While waiting, I press Ctrl-T once in a while, and get:
root@narawntapu:/etc/mail (1022) mount -oro -u /
load: 0.93 cmd: mount 26321 [biowr] 230.01r 0.00u 9.01s 2% 2224k
load: 0.47 cmd: mount 26321 [biowr] 283.84r 0.00u 10.99s 1% 2224k
load: 0.57 cmd: mount 26321 [biowr] 318.95r 0.00u 12.25s 2% 2224k
The actual change to the /-filesystem is trivial.
(In reply to Kirk McKusick from comment #3)

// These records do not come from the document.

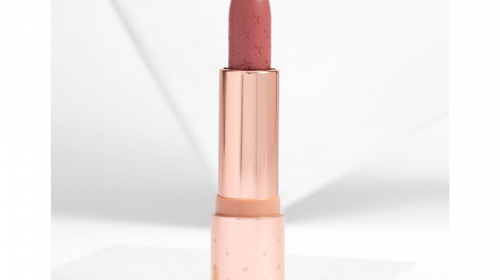 HEY MR. DJ - Colourpop Lux Blur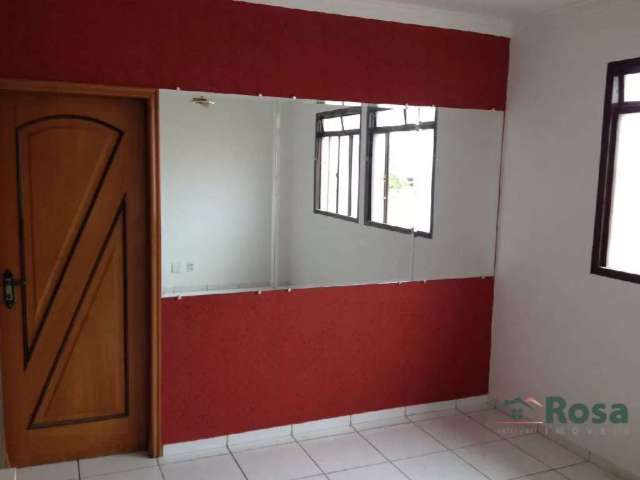 Apartamento para venda Residencial Oito de Abril CIDADE ALTA Cuiabá - 20660
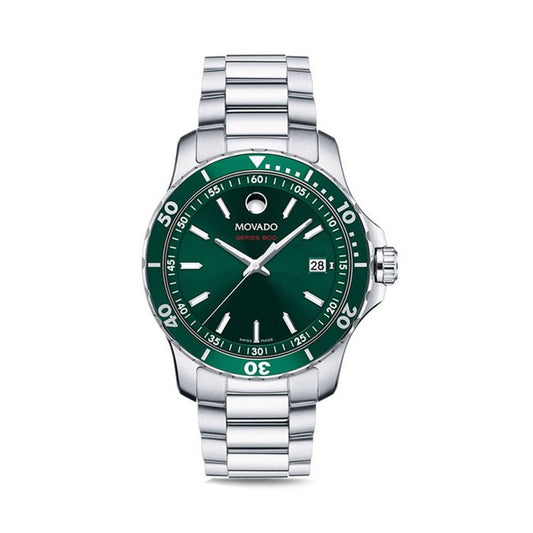 MOVADO 2600136 Series 800 Analog Watch For Men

> include the -o noatime option
No obvious difference:
root@narawntapu:/etc/mail (1024) mount -orw,noatime /
root@narawntapu:/etc/mail (1025) touch q
root@narawntapu:/etc/mail (1026) rm q
root@narawntapu:/etc/mail (1027) mount -oro -u /
load: 0.71 cmd: mount 27675 [biowr] 7.92r 0.00u 0.72s 4% 2224k
load: 0.52 cmd: mount 27675 [biowr] 54.83r 0.00u 2.64s 2% 2224k
load: 0.47 cmd: mount 27675 [biowr] 68.05r 0.00u 3.12s 2% 2224k
load: 0.58 cmd: mount 27675 [biowr] 121.83r 0.00u 5.08s 3% 2224k
load: 0.36 cmd: mount 27675 [biowr] 254.59r 0.00u 9.97s 2% 2224k
> time -l
root@narawntapu:/etc/mail (1034) /usr/bin/time -l mount -oro /
330,18 real 0,00 user 13,01 sys
2212 maximum resident set size
22 average shared memory size
7 average unshared data size
121 average unshared stack size
112 page reclaims
0 page faults
0 block input operations
344120 block output operations
0 messages sent
0 messages received
0 signals received
344178 voluntary context switches
1014 involuntary context switches
The entire FS is:
Filesystem 1M-blocks Used Avail Capacity Mounted on
/dev/ada0s1a 22808 16268 4715 78% /
*what* 344120 "block output operations"?!
(In reply to Mikhail Teterin from comment #7)
Perhaps more interestingly,
> 344178 voluntary context switches
Almost every single one of those bios is written synchronously, it looks like.
How many inodes does the filesystem have? Does mount -oro,noatime -u (in addition to rw,noatime) help in any way?